- Your objective: Copy out, unchanged, the entries below from the "Adenomyosis Symptoms Why" line to the final line. Omit pictures.

- Records for the exercise:
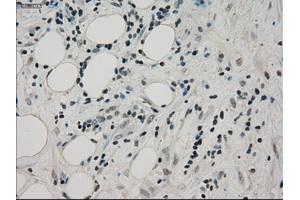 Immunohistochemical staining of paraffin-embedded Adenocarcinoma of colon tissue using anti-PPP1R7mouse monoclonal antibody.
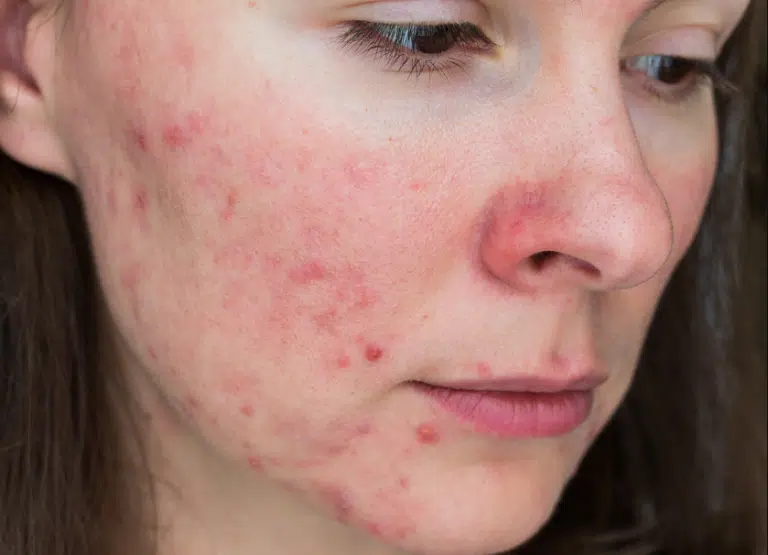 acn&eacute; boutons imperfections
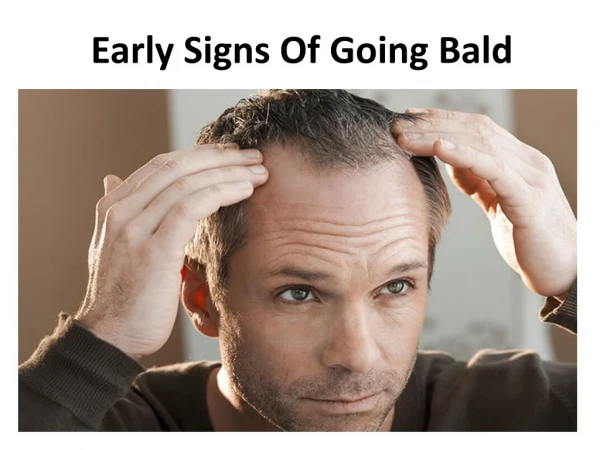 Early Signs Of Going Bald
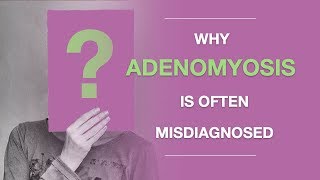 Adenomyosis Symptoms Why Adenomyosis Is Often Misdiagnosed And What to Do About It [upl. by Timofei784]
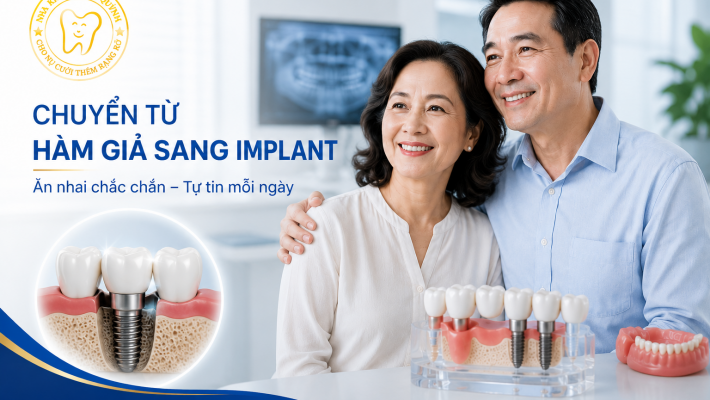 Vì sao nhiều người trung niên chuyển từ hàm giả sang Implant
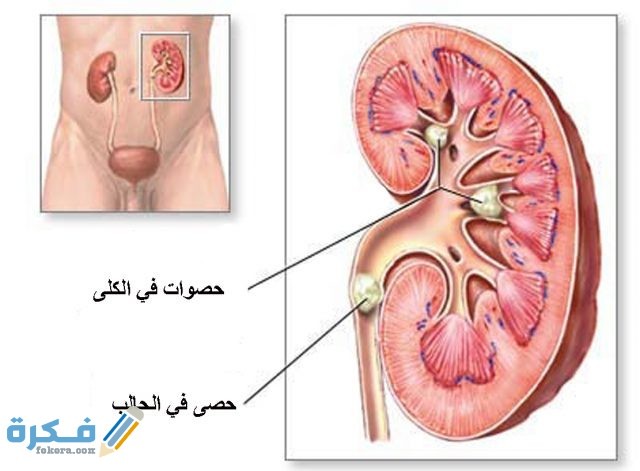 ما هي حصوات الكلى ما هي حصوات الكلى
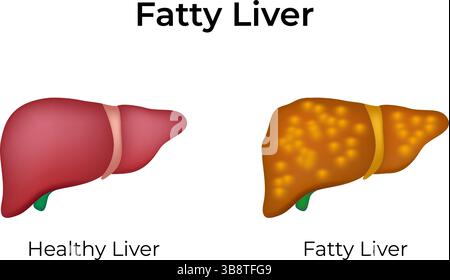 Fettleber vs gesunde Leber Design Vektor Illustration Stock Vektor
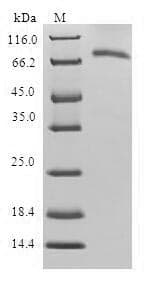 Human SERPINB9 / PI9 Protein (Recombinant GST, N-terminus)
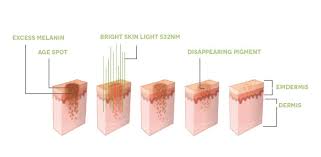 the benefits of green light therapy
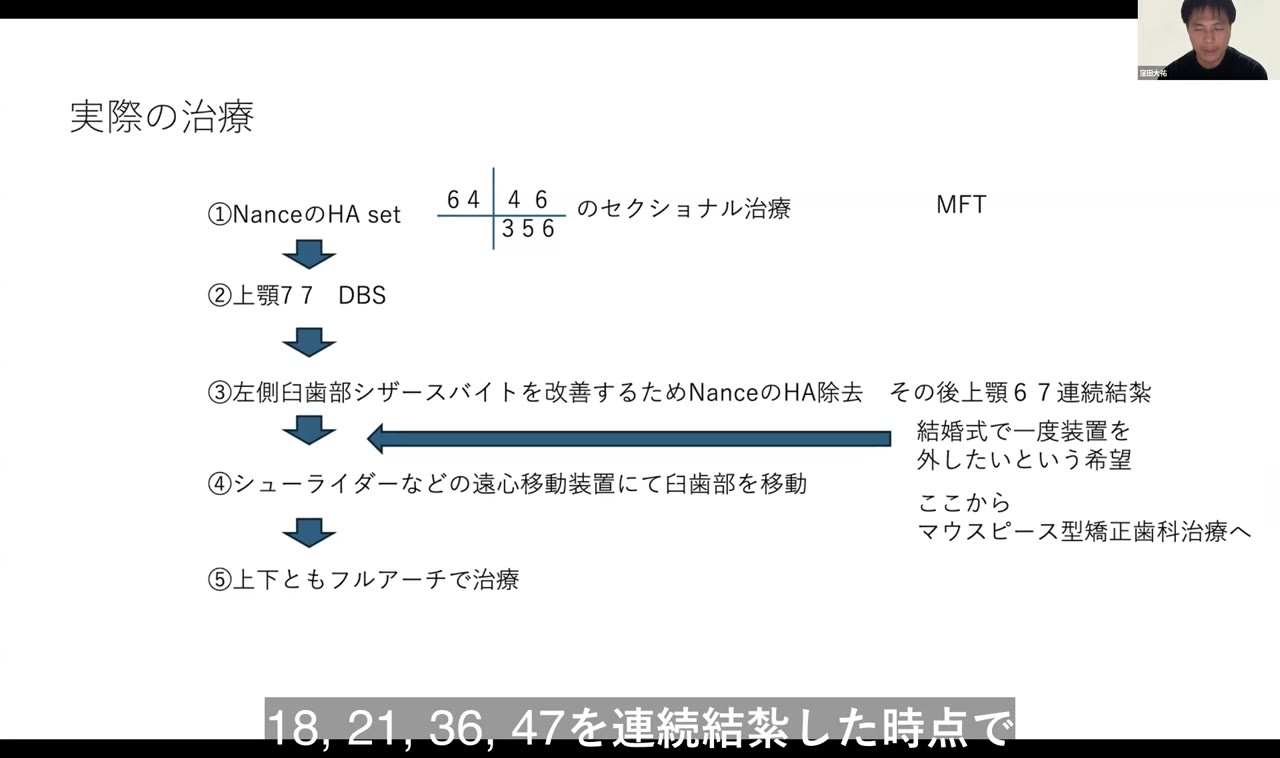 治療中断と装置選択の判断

- Response to this task:
 Adenomyosis Symptoms Why Adenomyosis Is Often Misdiagnosed And What to Do About It [upl. by Timofei784]
 Vì sao nhiều người trung niên chuyển từ hàm giả sang Implant
 ما هي حصوات الكلى ما هي حصوات الكلى
 Fettleber vs gesunde Leber Design Vektor Illustration Stock Vektor
 Human SERPINB9 / PI9 Protein (Recombinant GST, N-terminus)
 the benefits of green light therapy
 治療中断と装置選択の判断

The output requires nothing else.